The Swedish Kvinna till Kvinna Foundation noticed this and wrote a formal letter to the Swedish Minister of Foreign Affairs, pointing out the importance of him highlighting women’s participation and rights in the EU discussions on the Neighbourhood Policy, and reminding him of the formal undertakings the EU countries earlier had made regarding these issues. The letter was short and simple and contained clearly stated action points on things that were missing in the revised policy. The content of the letter was also sent to the chairman of the Swedish Committee of Foreign Affairs and subsequently circulated to all the members of the Committee.

When the Committee later wrote its comments on the Neighbourhood Policy, the comments contained several of the statements pointed out in the letter. Of course it wasn’t only the letter making this happen, but it contributed in making women’s rights and participation part of this official statement to the EU. And that’s one way of to making a change.


For activist in a country currently involved in an armed conflict/re-building

You are probably already doing everything you can whilst trying to stay alive. If you haven’t already joined a women’s rights or peace organization, there is a lot of power and comfort to be found in working toghether with others to promote peace. There are many things that organizations can do. Several examples on ways to take action for peace from within a war-stricken country can be found in To make room for changes – Peace strategies from women organisations in Bosnia and Herzegovina.

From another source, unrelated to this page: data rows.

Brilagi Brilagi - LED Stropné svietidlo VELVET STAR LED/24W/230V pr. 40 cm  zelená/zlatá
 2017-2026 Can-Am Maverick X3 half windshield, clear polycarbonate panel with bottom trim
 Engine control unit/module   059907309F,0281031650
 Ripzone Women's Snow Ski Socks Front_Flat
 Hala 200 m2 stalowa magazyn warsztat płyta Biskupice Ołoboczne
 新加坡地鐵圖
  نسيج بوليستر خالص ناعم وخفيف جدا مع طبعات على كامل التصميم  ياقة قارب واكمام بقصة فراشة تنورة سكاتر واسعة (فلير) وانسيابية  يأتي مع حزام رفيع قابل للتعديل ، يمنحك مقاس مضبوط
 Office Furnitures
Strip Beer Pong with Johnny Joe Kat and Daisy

Below is also a list of information that’s important to gather and share with the international community. They need this knowledge from you, as peace activists and members of civil society, to be able to make good decisions concerning the resolution of the conflict and the following re-building. And if the information is there, starring them in the face, it’s much harder for them to ignore it:

  • Knowledge about women’s situation.
  • Observations of the status of human rights.
  • Knowledge about everyday problems facing civilians, such as discrimination, non-functioning or non-existing laws and misuse of power by authorities and politicians.
  • Analyses of security threats in the society, including violence against women.
  • Experience and facts about corruption and war profiteers.
  • Knowledge of the situation of refugees, internally displaced persons and returnees.
  • Suggestions to solutions and measures on how to improve the situation.


For women’s organizations

The Equal Power – Lasting Peace report lists recommendations for women’s organizations that can help them stay strong in their important work for women’s rights as part of peace processes:

  • Women’s organizations need to stand up for the expertise and knowledge they posses. They need to occupy public spaces and advocate for relevant issues to be put onto the political agenda. It is a shared responsibility of the academic world, donors and women’s organizations to research, document, analyse and spread this information in order for different stakeholders to see and acknowledge the importance of women’s organizations in conflict areas.
  • When women from civil society come together, they become a stronger force for change. Women’s organizations need to support each other and work strategically together to create networks, platforms, advocacy campaigns, exchange information and cooperate in other ways.
  • Women active in political parties are often faced with higher demands and are expected to occupy a higher moral ground than men, not least by civil society. Women activists tend to demand more of elected women than of their male counterparts. Women’s organisations should be observant about slander, which is used against both women human rights activists and women in politics. Women elected to political office need support and information.